After Obama thumped Clinton in Iowa, he landed here so optimistic about his chances of becoming the 44th president of the United States that I thought the soaring, inspirational speeches I heard -- covering everything from slavery to global warming -- were dress rehearsals for his January 2009 inaugural address.
"I can beat all of them," boasted Obama.
Obama decided not to worry about raising expectations because he had healthy leads in every New Hampshire poll and was drawing overflowing crowds, as Clinton seemed in a tailspin.
His aides were so certain of victory (by at least five points) that they scheduled a rally in New Jersey for today, optimistically pushing into the media market serving three delegate-rich states -- New Jersey, Connecticut and Clinton's New York -- with Feb. 5 primaries.
Obama's elite fund-raisers, meeting Friday in Des Moines, decided that his appeal was so strong that they would systematically start soliciting Republicans as soon as New Hampshire was out of the way.
But something happened.
New Hampshire did not finish Clinton off.
She pulled big numbers from the Democratic strongholds of Manchester and Nashua. Former Sen. John Edwards, who came in third, pulled anti-Clinton votes away from Obama.
Exit polls showed women, who deserted Clinton in Iowa, came back.
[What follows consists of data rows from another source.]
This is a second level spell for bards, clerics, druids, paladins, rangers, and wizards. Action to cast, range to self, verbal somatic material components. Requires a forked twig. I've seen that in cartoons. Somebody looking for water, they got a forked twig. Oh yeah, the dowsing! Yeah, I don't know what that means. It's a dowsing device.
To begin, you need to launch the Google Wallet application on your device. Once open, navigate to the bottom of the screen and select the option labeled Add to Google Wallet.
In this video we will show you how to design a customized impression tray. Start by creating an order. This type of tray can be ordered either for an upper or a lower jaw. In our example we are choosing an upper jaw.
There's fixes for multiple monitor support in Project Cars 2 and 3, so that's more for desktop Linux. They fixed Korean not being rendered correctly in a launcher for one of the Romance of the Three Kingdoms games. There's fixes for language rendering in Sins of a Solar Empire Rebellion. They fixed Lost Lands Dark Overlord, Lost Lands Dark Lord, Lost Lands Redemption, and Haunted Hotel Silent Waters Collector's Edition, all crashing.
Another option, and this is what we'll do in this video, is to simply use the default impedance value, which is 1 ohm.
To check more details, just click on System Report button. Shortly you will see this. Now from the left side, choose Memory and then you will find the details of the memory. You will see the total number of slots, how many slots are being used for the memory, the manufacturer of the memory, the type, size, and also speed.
Maybe her getting choked up, as she did on Monday in a Portsmouth cafe, helped. Women who have been there understand what happened. And plenty of them have been there.
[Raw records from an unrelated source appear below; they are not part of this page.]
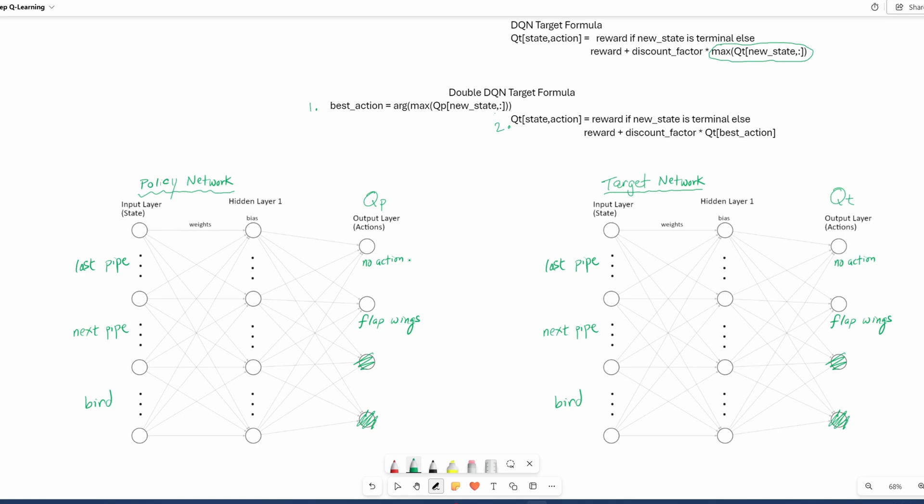Now let's walk through an example to see how this works. Let's say we're at state one, and we calculate the Q values for state one being 0.1 if we don't do anything, and 0.2 if we flap our wings. And using the epsilon greedy policy, we select the best action here, which is 0.2. So we flap our wings, which brings us to state two. So these are the values for state one. And this is our state two. And state two is our new state. State one is our current state.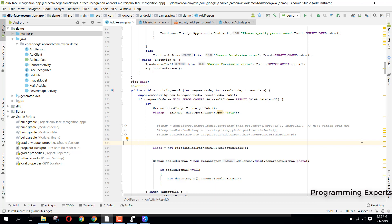Welcome to my another video on Android app development. In this video I am going to give you a demo of face detection and face recognition using the dlib library, which is based on OpenCV in Android. We will first capture some images with names of the person, then choose images from our gallery, train those images, and then be able to recognize those faces. We will also first detect the faces on these images.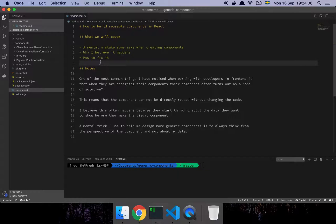One of the most common things I notice when somebody's designing a component is that they start by thinking of the feature they want to build. You have some feature request from your stakeholders and you start thinking about the data, how to represent it, the interactions, and then a network request or something to a database. That is where the mental mistake starts — you have already made a mental commitment to the feature as a whole. But when you're designing something to be reusable, you need to let go of the context you find yourself in.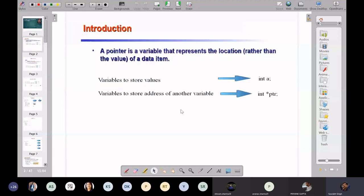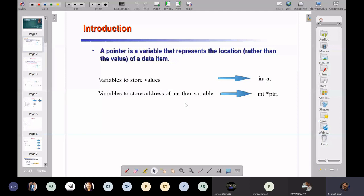A pointer is a variable that represents the location of a data item. We will cover all the basic concepts and then take some competitive examples so you can understand them clearly. Variables store values, declared like this. But if you want to store the address of another variable, you declare a variable of a special type.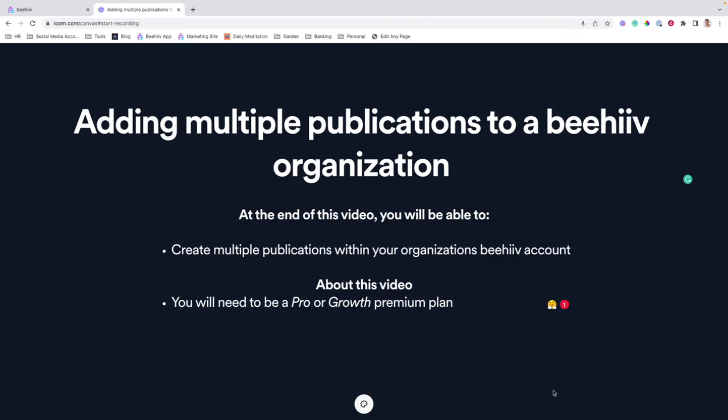Hello and welcome to another Beehive 101 video where we're going to cover how to add multiple publications to a Beehive organization. You may be watching this video if you have a business that manages publications for multiple brands, you may have multiple newsletters you're sending, or for some other reason.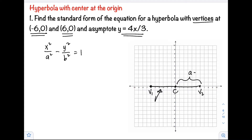So you can count the distance between the center and one vertex: 1, 2, 3, 4, 5, 6. So our a is equal to 6.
The race moves on to South Carolina and Nevada, and Obama, who will be in Charleston on Thursday, has a running start with a galvanized African-American Democratic base energized by his Iowa win and possibly smarting over New Hampshire.
Obama nonetheless faces a tougher race ahead with a different dynamic.
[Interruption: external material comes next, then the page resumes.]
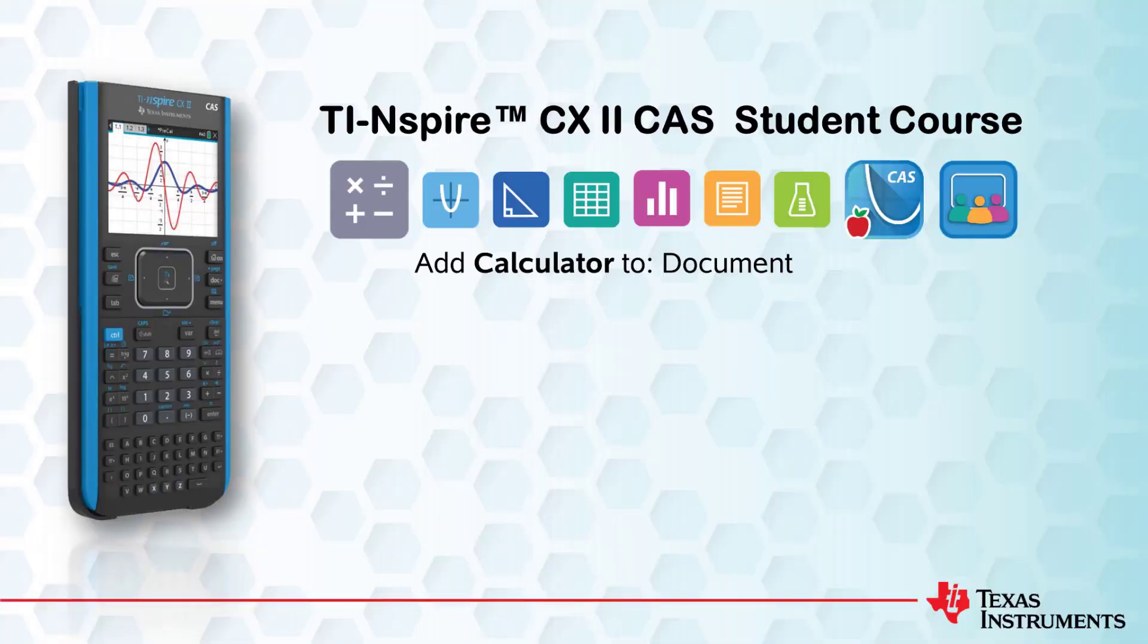That's all for this session. Be sure to check out the other videos in this course.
In New Hampshire, Clinton started raising questions about Obama's record as an Illinois state senator and in the U.S. Senate -- something she decided to do only very late in the Iowa contest, thinking the press would do the job for her.
Realizing that if she had something to say she would have to say it herself, she did so more forcefully in New Hampshire, with an assist from Bill Clinton.
The Clinton camp is determined now to start a more aggressive conversation about Obama's record -- health care, energy, taxes, his work in the Senate.
"We know we can disagree without being disagreeable," Obama said in his concession speech where he used the TV time to deliver a modified stump, minus the zest I saw so many times these past days.
Obama has been saying these past days that he thought he was done being vetted. I'm not sure where he got the notion that there was a place called "done" in a big presidential contest.
Nothing's over. The score is one to one. It's just getting started.